See also Vivad Se Vishwas Scheme: The Law, Procedure And Dilemma where a link to all necessary resources is given

This section is now closed. Please ask your questions at our new Q&A section
The answers given below are in response to queries asked by other people.
Query

The facts of the case are as under:
Sr No Particulars Amount in
Lacs
1. Returned loss 500
2. Addition made by the AO
600
3. Assessed Income 100

Case -1
As in the above case, returned loss has been converted into income, meaning thereby, returned loss of Rs 500 lacs has been fully reduced to nil and converted into income of Rs 100 lacs after assessment.
The assessee wants to exercise the second option as given in Rule 9(1)(ii), i.e to carry forward the reduced loss of Rs 500 lacs to nil and wants to pay the tax on balance amount of addition of Rs. 100 lacs (Rs. 600 lacs-Rs 500 lacs ).

Query 1 :
For the above situation, no schedule is available in Form no 1, then how the assessee can file form no 1, please clarify.

Case -2
In the aforesaid example, if the assessee is having a decision of higher court in his favour on the addition made by the AO which has also not been reversed so far, then as per second provisio to rule 9(2), one-half of the amount by which loss is reduced shall be considered for reduction.

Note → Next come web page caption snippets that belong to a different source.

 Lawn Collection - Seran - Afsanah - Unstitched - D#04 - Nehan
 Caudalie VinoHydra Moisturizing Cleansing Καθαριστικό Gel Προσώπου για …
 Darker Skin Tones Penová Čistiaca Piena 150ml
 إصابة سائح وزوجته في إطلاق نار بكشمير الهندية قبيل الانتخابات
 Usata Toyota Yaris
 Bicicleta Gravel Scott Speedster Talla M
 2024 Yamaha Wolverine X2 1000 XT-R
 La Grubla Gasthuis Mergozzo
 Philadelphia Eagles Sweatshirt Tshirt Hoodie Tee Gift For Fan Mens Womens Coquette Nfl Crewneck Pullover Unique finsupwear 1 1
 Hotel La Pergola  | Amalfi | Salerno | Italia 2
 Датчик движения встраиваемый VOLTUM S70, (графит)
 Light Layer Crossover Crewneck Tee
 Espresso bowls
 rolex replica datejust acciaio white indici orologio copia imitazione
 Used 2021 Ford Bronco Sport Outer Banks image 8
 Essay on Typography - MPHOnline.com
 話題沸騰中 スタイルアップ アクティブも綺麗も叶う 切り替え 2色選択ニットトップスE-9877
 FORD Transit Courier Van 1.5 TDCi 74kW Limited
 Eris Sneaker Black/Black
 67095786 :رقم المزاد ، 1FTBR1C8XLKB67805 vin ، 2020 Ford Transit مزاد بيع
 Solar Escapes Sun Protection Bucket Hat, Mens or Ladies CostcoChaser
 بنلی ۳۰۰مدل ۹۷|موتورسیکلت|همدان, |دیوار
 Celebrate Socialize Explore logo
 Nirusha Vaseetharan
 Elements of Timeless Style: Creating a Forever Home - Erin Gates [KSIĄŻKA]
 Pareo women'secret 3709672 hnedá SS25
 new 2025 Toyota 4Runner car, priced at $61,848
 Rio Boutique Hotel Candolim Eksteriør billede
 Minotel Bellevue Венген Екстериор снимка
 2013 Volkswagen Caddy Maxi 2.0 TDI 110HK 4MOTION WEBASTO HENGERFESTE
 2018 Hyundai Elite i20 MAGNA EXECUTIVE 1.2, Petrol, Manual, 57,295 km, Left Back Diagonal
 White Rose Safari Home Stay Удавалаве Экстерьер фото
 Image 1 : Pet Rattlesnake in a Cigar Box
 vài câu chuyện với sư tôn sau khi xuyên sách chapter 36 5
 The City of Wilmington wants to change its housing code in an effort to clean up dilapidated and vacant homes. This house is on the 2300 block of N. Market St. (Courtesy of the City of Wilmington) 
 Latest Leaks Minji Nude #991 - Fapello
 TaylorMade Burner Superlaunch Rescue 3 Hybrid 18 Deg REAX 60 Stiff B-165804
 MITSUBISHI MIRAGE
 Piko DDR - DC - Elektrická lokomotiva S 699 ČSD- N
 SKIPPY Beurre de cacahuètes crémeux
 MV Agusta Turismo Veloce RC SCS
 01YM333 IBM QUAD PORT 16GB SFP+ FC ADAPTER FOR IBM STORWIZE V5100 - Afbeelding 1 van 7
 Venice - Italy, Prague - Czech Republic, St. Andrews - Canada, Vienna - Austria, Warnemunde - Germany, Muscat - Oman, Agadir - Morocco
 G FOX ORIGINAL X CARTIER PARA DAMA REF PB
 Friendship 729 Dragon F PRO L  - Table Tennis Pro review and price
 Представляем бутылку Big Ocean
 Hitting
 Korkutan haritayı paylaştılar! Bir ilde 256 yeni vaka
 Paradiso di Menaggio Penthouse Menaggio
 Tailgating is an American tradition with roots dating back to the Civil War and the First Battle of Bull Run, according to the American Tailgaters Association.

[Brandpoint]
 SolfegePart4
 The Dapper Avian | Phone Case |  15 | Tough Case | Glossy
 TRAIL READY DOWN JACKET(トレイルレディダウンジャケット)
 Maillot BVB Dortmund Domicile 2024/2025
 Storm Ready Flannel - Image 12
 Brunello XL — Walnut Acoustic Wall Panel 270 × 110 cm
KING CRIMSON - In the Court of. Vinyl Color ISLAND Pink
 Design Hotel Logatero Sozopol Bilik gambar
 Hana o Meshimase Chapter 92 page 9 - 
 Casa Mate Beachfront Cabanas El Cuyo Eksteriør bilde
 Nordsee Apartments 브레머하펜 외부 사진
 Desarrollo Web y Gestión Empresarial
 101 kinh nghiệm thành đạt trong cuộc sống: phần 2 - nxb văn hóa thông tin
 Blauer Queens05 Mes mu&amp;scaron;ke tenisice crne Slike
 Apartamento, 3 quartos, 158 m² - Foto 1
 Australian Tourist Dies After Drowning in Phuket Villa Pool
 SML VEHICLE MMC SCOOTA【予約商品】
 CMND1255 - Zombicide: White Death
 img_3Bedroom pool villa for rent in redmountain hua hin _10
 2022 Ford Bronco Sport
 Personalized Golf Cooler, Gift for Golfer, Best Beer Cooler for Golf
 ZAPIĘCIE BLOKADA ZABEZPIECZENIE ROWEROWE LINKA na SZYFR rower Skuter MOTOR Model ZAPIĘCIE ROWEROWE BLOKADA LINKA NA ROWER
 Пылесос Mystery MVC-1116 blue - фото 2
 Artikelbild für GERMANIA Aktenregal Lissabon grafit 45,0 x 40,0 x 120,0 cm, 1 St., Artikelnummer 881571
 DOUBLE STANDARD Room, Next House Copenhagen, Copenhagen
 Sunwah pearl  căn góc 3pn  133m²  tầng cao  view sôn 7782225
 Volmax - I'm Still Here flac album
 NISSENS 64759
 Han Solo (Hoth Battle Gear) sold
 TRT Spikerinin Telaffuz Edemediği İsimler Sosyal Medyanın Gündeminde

Consequently, in the above example, 50% of addition works out to Rs 300 lacs and as such the assessee can carry forward the reduced loss of Rs. 200 lacs (Rs 500 lacs minus Rs 300 lacs) as per the aforesaid second provisio to Rule 9(2).

Query 2 :
Again for such a situation, no schedule is available in Form no 1, then how the assessee can file form no 1, please clarify.

Case -3
In the aforesaid example, if the assessee has got full relief form CIT (A)/ITAT/High Court on the addition of Rs 600 lacs made by the AO and IT Department has further filed appeal before ITAT/High Court/Supreme Court as the case may be which is pending as on 31.01.2020.

In the above case, the assessee is liable to pay 50% of disputed tax or carry forward the reduced loss by 50% as per section 3 read with section 1(j) of Act and also read with Rule 9 above.

Consequently, in the above example, 50% of addition works out to Rs 300 lacs and as such the assessee can carry forward the reduced loss of Rs. 200 lacs (Rs 500 lacs minus Rs 300 lacs) as per as per section 3 read with section 1(j) of Act and also read with Rule 9 above.

Query 3 :
Again for such a situation, no schedule is available in Form no 1, then how the assessee can file form no 1, please clarify.

Case-4

In the aforesaid example it is assumed that the assessee has to carry forward reduced loss in a particular assessment year under the scheme. Under such situation, benefit of such reduced carry forward loss of such assessment year is to be allowed in other assessment years where assessee is also going under this scheme for other subsequent years as well.

Query 4:

How the reduced loss carried forward in one particular assessment year under the aforesaid scheme is to be shown as Brought forward reduced loss in next assessment year and so on in form no 1 so as to set off the same in subsequent assessment year or years to work out disputed tax, if any, under the said scheme, please clarify.

Answer Please refer Circular No 9 /2020   dt 22-04 -2020 , issued by the CBDT  which reads as under ;  Q. no 53 : If loss is not allowed to be adjusted while calculating  disputed  tax, will  that loss be allowed to be carried forward ?  Ans : As per the amendment  proposed in Vivad  se Vishwas, in a case where the dispute  in relation to an assessment year relates to reduction of Minimum Alternate Tax (MAT) credit or reduction of loss or depreciation, the… (read more)
Query

As per the proviso to Rule 9(2), if the declarant opts not to pay tax and carry forward the reduced losses, then in subsequent years the assessee shall be liable to pay interest.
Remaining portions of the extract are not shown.